This is not to say that experience with other crops or plants wouldn’t produce different results. In a study of cucumbers and melons (“Effects of Different Irrigation Scheduling and Systems on Yield Response on Melon and Cucumber,” P. Mannini, Boglona, Italy, Acta Horticulturae #228 [1988], pg. 155-162) it was found that three-day versus six-day intervals of irrigation “had no effect on yield or observed parameters.” Obviously, the details need to be adjusted to the specific plant and any observed response. In another study, as presented on pg. 282 of “Principles, Practices, and Potentialities of Trickle (Drip) Irrigation,” “Less frequent [12-, seven-, six- or three-day intervals versus daily] irrigation tended to increase yields on cabbage, cantaloupe and grapes.

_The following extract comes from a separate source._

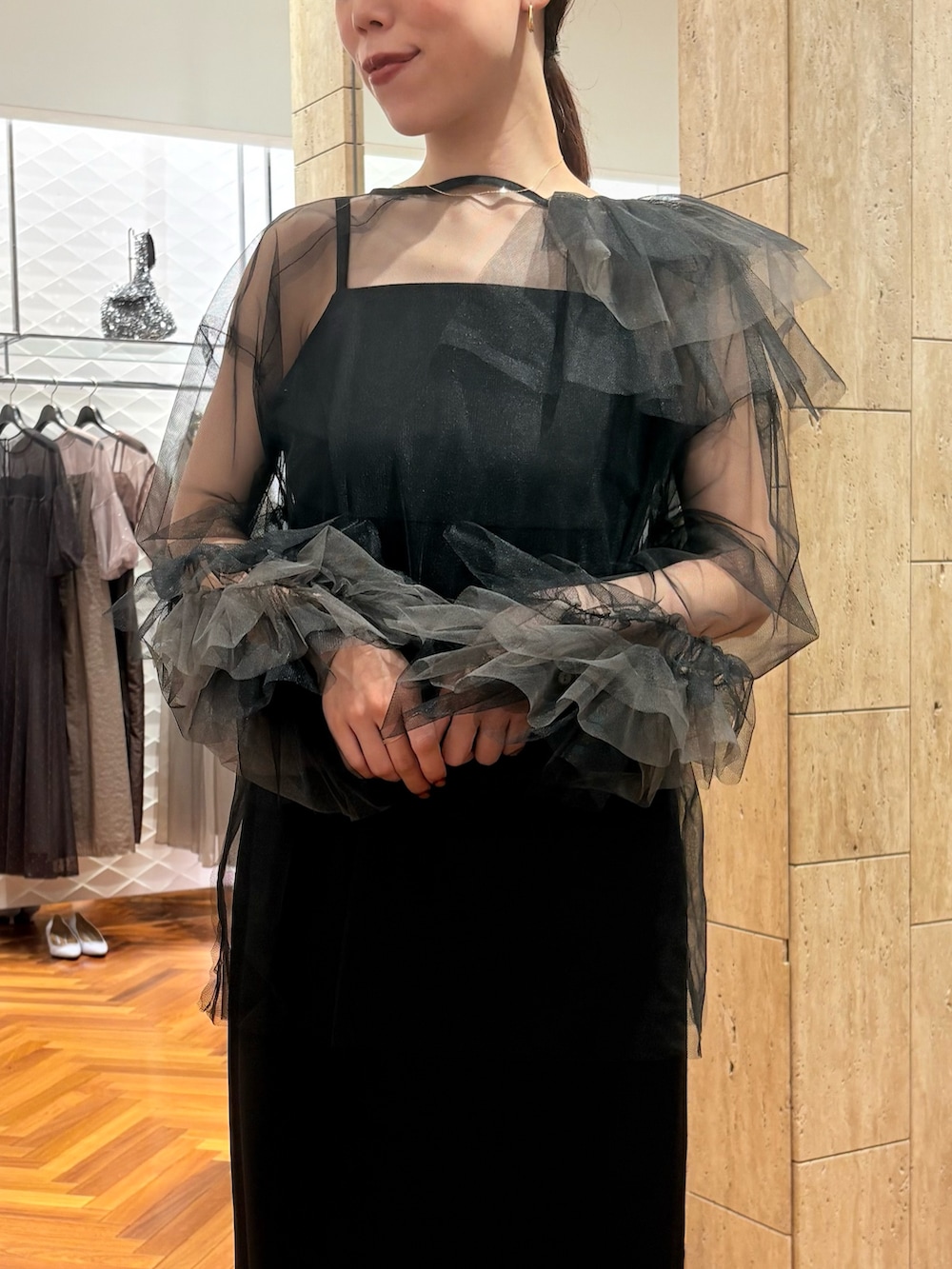 「ドレス、ドレスアップ、ドレスコーデ、結婚式、結婚式二次会スタイル、結婚式 ワンピース、結婚式コーデ、結婚式スタイル、結婚式2次会、結婚式お呼ばれ、結婚式 ドレス、アーバンリサーチロッソ、ROSSO、ROSSOドレス、お呼ばれコーデ」｜「URBAN RESEARCH ROSSO WOMENのビーズデザインハンドバッグ（ハンドバッグ、ブラック系）」を使った、ayaka kawaharadaさん（骨格ウェーブ・レディース・164cm）の夏コーディネートの5枚目の写真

Shallow-rooted dry onions [Editor's note: onions' roots can grow down to three feet] had higher yields with daily than with weekly trickle irrigations.” Nature is diverse, and so should be our response.

An ET-based irrigation schedule means applying the exact same amount of water as used on, for example, a monthly basis, but in a very different pattern of application. If the daily ET requirement is .125 gallons per square foot - as described in my book with the ET chart on page 52 - Drip Irrigation, For Every Landscape & All Climates - then a weekly watering schedule would apply seven times this amount (.875 gallons) and a monthly watering would apply 30 times this amount (3.75 gallons)—but all equal to the same daily unit of water.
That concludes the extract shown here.